So I would say, by this definition, Rachmaninov is a Romantic.


----------



## Aramis (Mar 1, 2009)

violadude said:


> hmm I don't appreciate the condescending tone. But anyway I agree that the tone and style of the early romantic period and the late romantic period are very different. But I'm afraid to say that unless you're some kind of world renowned music historian you can't just go around redefining terms. A term is something that exists so that when someone uses that term, everyone understands what you're talking about, if everyone just went around redefining terms at random, no one would understand anything and terms would be useless. Now that we've got that out of the way, the Romantic Period, Early or Late, as a term, has been defined by various music historians and what not to be a style that included


I have no ambition to redefine the terms especially because I find term "romantic" to be already spoiled to the root. I do accept musical terms such as "post-romantic" when used to identify musical style but I'm more responsive when it's about more than that. Like in this thread where OP is asking about works which "sum up the romantic period". Now, like I've said, claiming that Rachmaninoff sums up/defines/conveys the major spirit of romanticism is outrageous nonsense. The thread refers to the spirit of romanticism, obviously, because it can't refer to concrete musical language - you already admit that there is major difference between things labeled with terms including word "romantic" in the world of classical music. It's impossible to "sum up" numerous diverse styles connected almost solely with similiar, superficial label.


----------



## violadude (May 2, 2011)

Aramis said:


> I have no ambition to redefine the terms especially because I find term "romantic" to be already spoiled to the root. I do accept musical terms such as "post-romantic" when used to identify musical style but I'm more responsive when it's about more than that. Like in this thread where OP is asking about works which "sum up the romantic period". Now, like I've said, claiming that Rachmaninoff sums up/defines/conveys the major spirit of romanticism is outrageous nonsense. The thread refers to the spirit of romanticism, obviously, because it can't refer to concrete musical language - you already admit that there is major difference between things labeled with terms including word "romantic" in the world of classical music. It's impossible to "sum up" numerous diverse styles connected almost solely with such term.
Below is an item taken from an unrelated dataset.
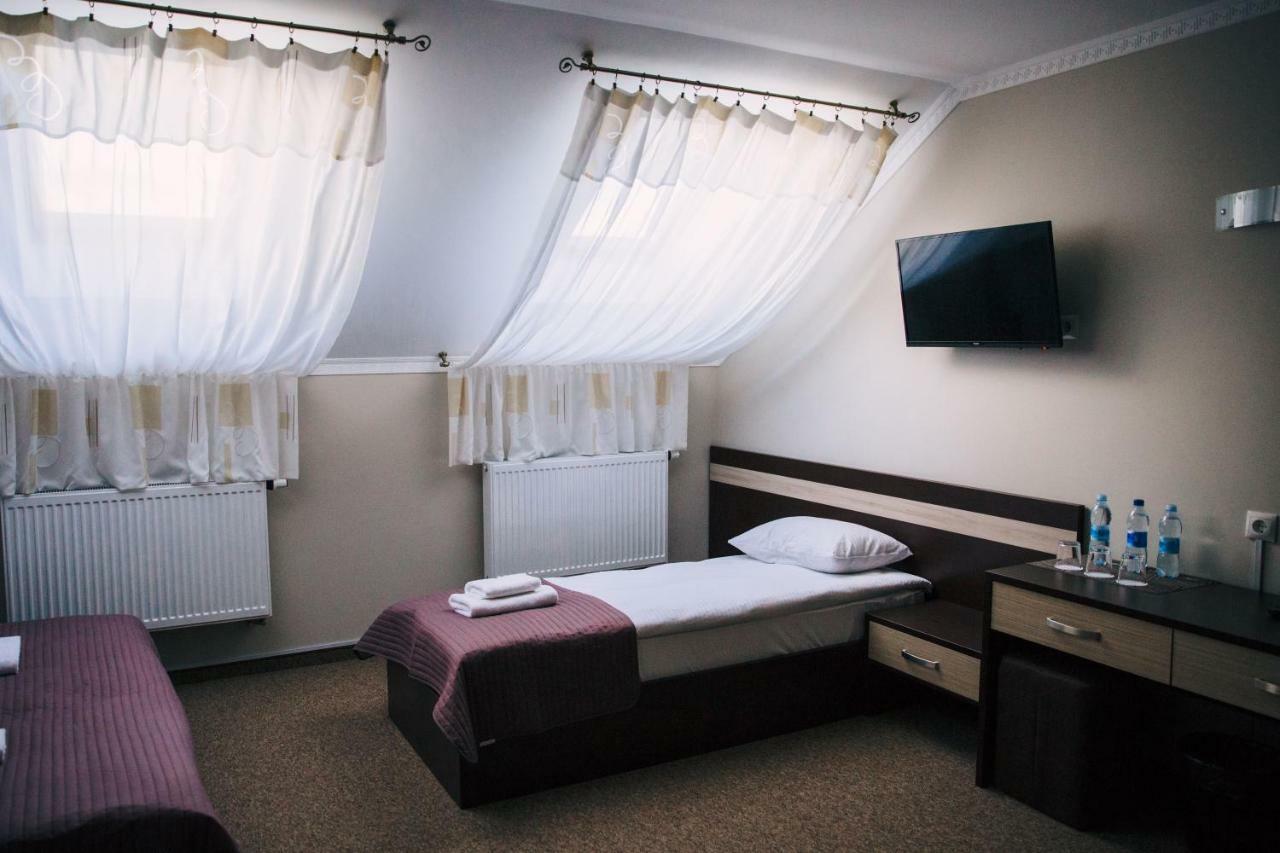 Роляда Hotel Tysmenytsia Luaran gambar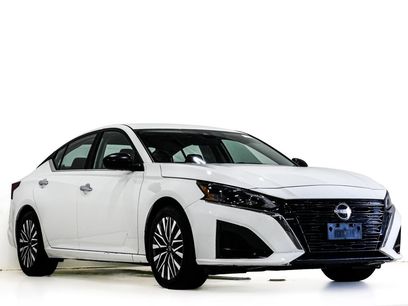 Used 2025 Nissan Altima 2.5 SV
Well, I'm not too savvy on what defines the "spirit" of Romanticism, or the spirit of anything perhaps. I'm defining Rachmaninov's music by what the music sounds like to me, and to me, his music has the same general "Romantic Period Traits" that people have agreed bind the music of Beriloz-Mahler together.


----------



## Polednice (Sep 13, 2009)

violadude said:


> Well, I'm not to savvy on what defines the "spirit" of Romanticism, or the spirit of anything perhaps. I'm defining Rachmaninov's music by what the music sounds like to me, and to me, his music has the same general "Romantic Period Traits" that people have agreed bind the music of Beriloz-Mahler together.


I think Aramis may be focusing a little too much on the more tangible tenets of _literary_ Romanticism. While some composers shared certain outlooks with their literary counterparts, these are things that are not fully realised in the music because of the usual issues of it being devoid of language. As such, I think the way we currently define certain styles (early, mid, late Romanticism) in music is reasonable.


----------



## Aramis (Mar 1, 2009)

Polednice said:


> As such, I think the way we currently define certain styles (early, mid, late Romanticism) in music is reasonable.


As reasonable as putting composers from Monteverdi to Haydn to the "baroque" label and splitting it to early, middle and late baroque.


----------



## Ukko (Jun 4, 2010)

I didn't have to think about it too hard to realize that 'Romantic' as a descriptive word for the classical music (differentiated from the literature) of the 19th Century sucks big-time. It's main contrast with prior periods is a relaxation of compositional 'rules', and a trait I seem forced to call an exploitation of the significance of Strong Feelings in music. Emotional does not equal Romantic.

Emotional does not equal Romantic in music
*
"Emotional" ain't "Romantic"*


----------



## Couchie (Dec 9, 2010)

Wagner - Tristan und Isolde

I have no more interest in listing the "seminal works" of other composers than I would in listing Olympic silver medalists and Nobel Prize runner-ups.


----------